Non. Cela ne pose aucun type de problème avec les principes socialistes. Le problème, ce n’est pas de vendre ta maison ou ta voiture ou de l’échanger. Cela me paraît une très bonne chose que nous puissions le faire librement, sans aucune entrave. Le problème, c’est qu’il existe aujourd’hui des travailleurs qui travaillent pour leur propre compte. Ces travailleurs vont rechercher leur bénéfice personnel. Ma crainte personnelle – comme simple citoyenne, je n’ai rien à voir avec la direction du gouvernement cubain, je suis une médecin cubaine – ma crainte est que les personnes qui travaillent pour elles-mêmes perdent un peu de vue la question sociale, perdent leur conscience sociale. En vivant dans une société socialiste, nous travaillons pour tout un peuple. Quand tu commences à travailler pour remplir ton porte-feuille, pour ton bien-être personnel, il y a le risque de perdre ce lien social que nous avons toujours maintenu. C’est ma préoccupation personnelle. L’État socialiste continue d’être socialiste car il n’y a pas privatisation des grands moyens de production. Ce n’a pas eu lieu et cela n’aura pas lieu. Le peuple cubain continue d’être le propriétaire de tout ce qui se produit dans le pays. Tu peux être le propriétaire de ce que tu produis dans ta maison, dans un restaurant, un salon de beauté, des services produits. Mais les grands moyens de production, tout est entre les mains de l’État, donc, du peuple. Dans cette perspective, il n’y a aucun changement.

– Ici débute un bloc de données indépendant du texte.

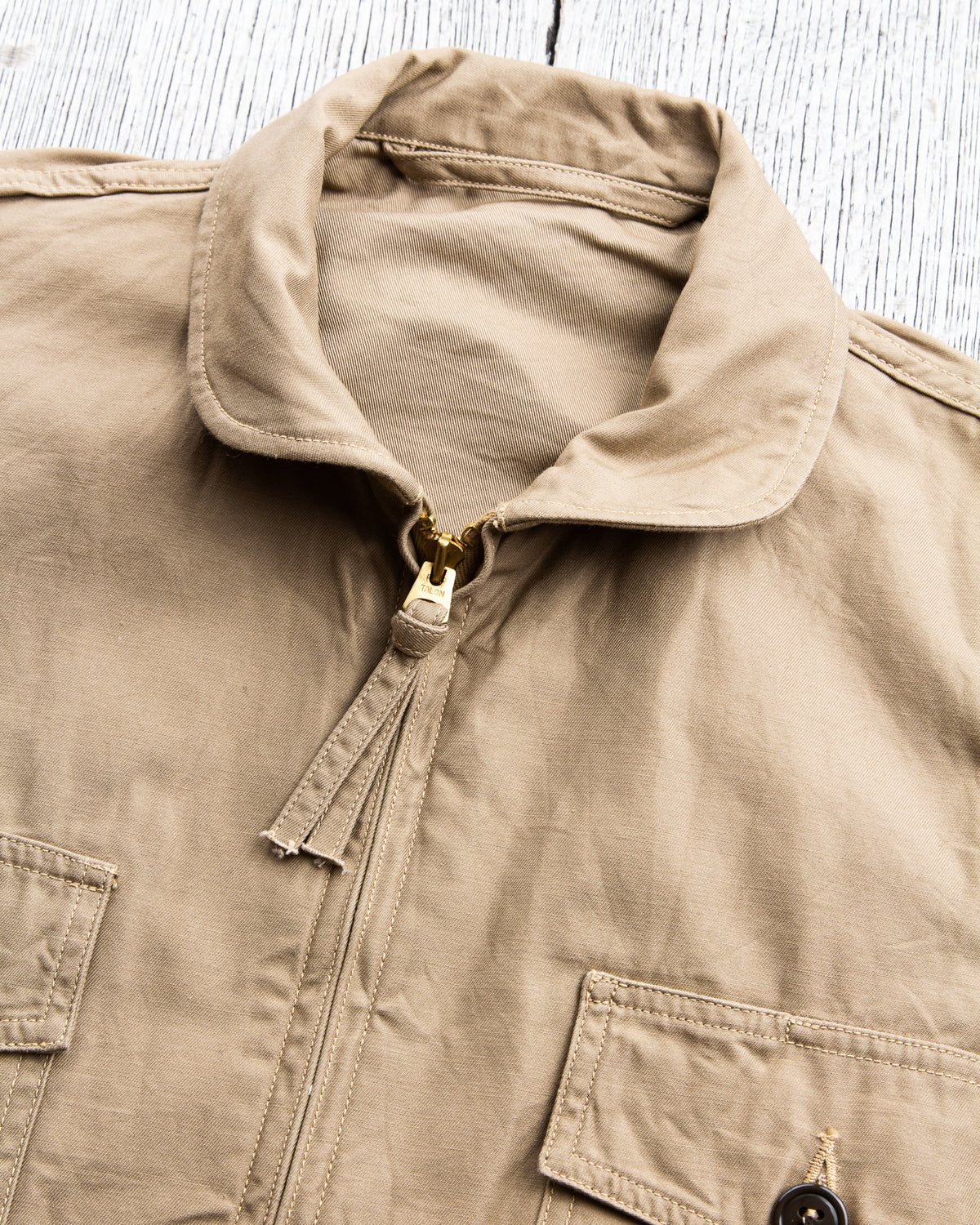 Buzz Rickson's Flight Jacket Light J7758A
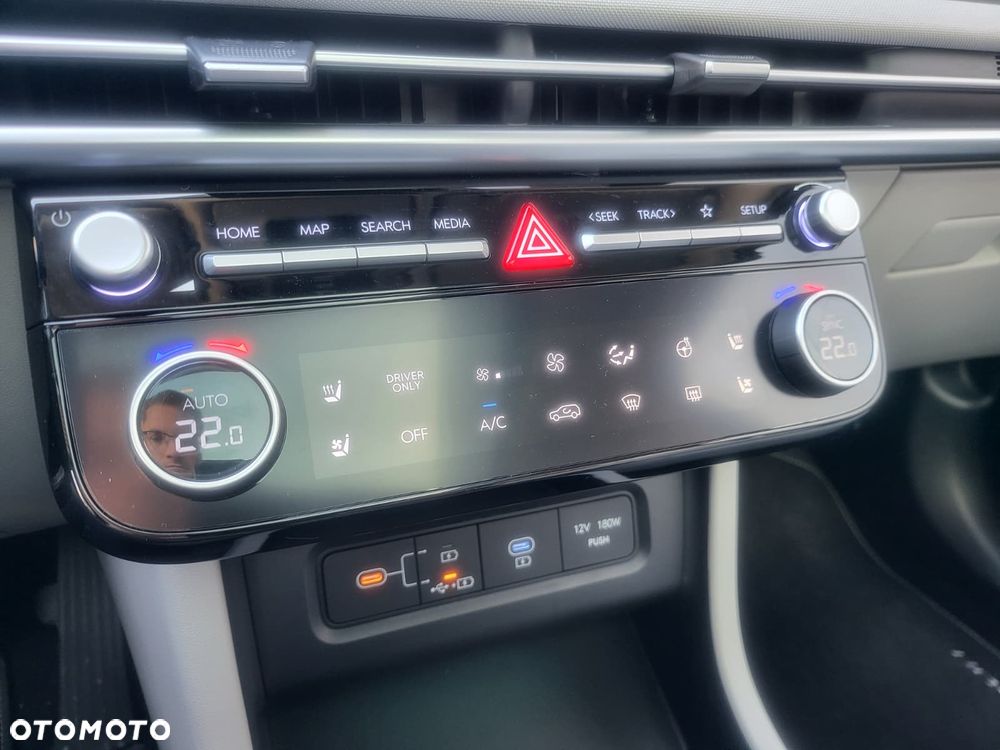 Hyundai Tucson 1.6 T-GDi HEV Platinum 2WD - 28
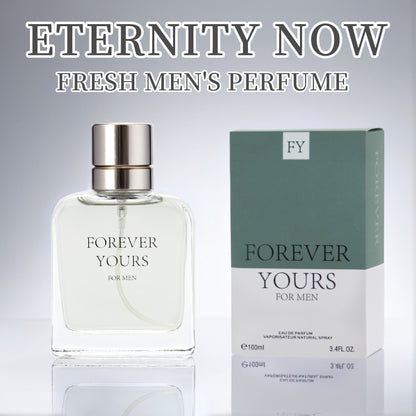 3.4fl Oz Men's Eau De Toilette Spray, Long-Lasting Perfume, Notes Of Coconut Nectar,Star Anise,Ginger Flavor, Perfect For Dating, Daily Life, Parties, Gift Giving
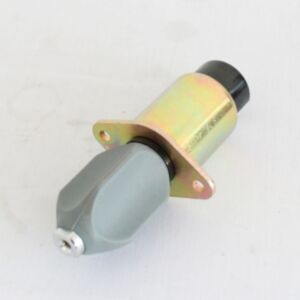 BUY For Kubota 3A 70&82 MM Series Diesel Engines 12V Stop Solenoid 1751-12A6U1B1S5 31-0202 SA-4259-12 for sale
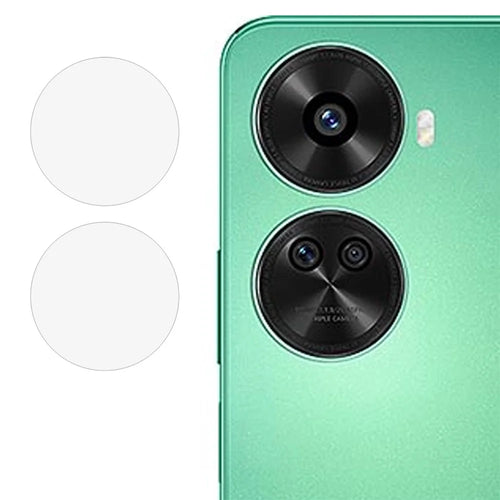 For Huawei nova 12 SE 4G / nova 11 SE Camera Lens Protector Clear Tempered Glass Lens Film - 1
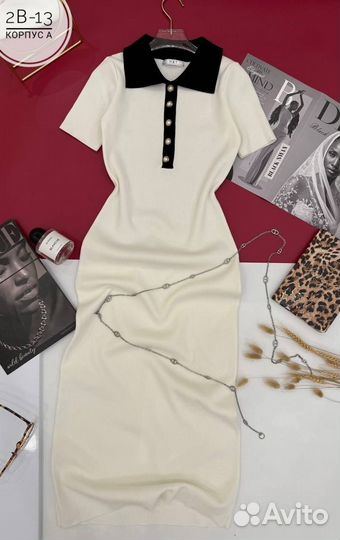 Платье женское единый размер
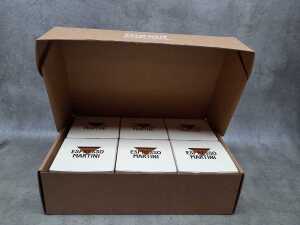 Curatif Espresso Martini, 24 cans
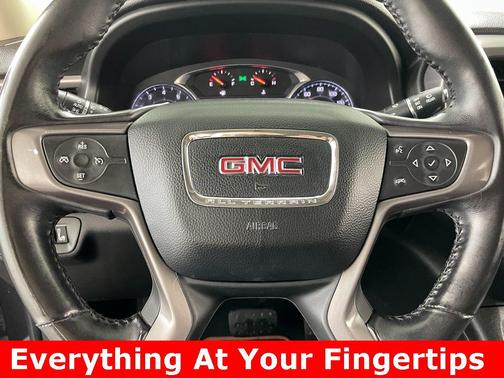 2017 GMC Acadia SLE-2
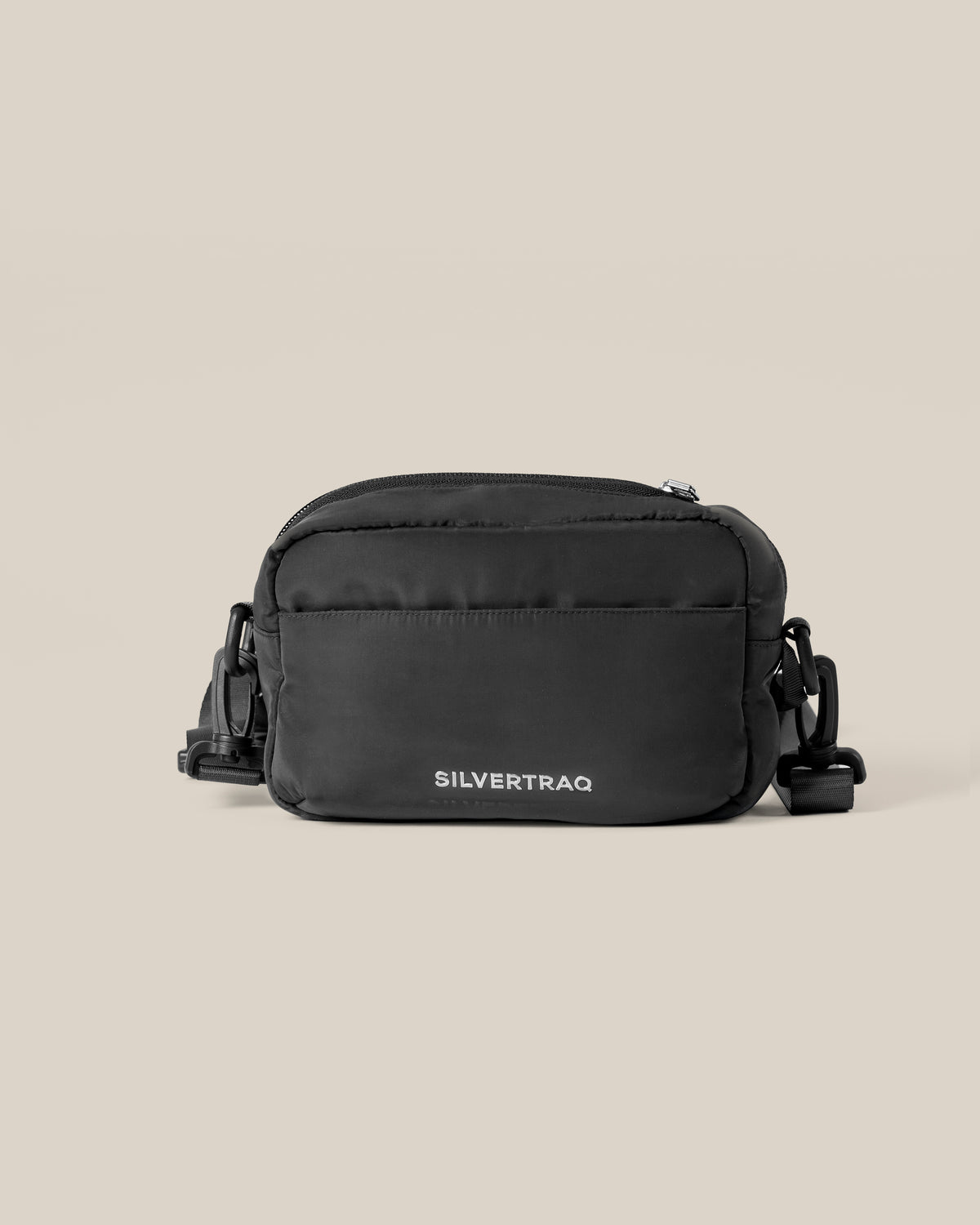 Shop-Traq Sling Bag Black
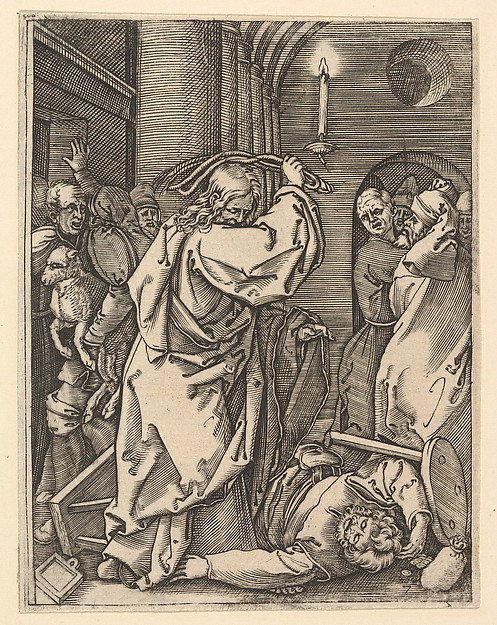 The Cleansing of the Temple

Les réformes ont été faites pour libérer quelque peu l’Etat du poids de personnes qui...

Exactement. De personnes qui seront laissés sans travail par l’État, car l’État ne peut pas continuer à soutenir cette situation. Nous avons connu des améliorations économiques. Ces personnes restent libres de travailler pour l’État et d’avoir leur propre travail. Et l’État se libère de cette situation difficile où il faudrait garder ceux qui ne produisent pas.

Votre crainte, c’est que cette réforme, qui peut être lue comme plus privatisante, affecte la conscience sociale ?

L’homme pense comme il vit. C’est ma préoccupation, tout simplement. Si tu vis juste en étant intéressé par la rénovation de ta maison, par l’accroissement de la quantité d’argent que tu as dans ton porte-feuille, par l’amélioration de ta garde-robe, tu oublies que l’école du coin, où tes enfants et tes petit-enfants étudient, aura besoin d’un petit coup de peinture. Tu serais capable de donner un peu de ton argent à cette école ? Si tu en es capable, je ferme ma bouche et me voilà satisfaite. C’est ma préoccupation, que l’on perde cette perspective, que l’on ne soit plus concerné par la perspective de la communauté sociale, qui est ce que nous sommes et continue d’être notre raison d’être.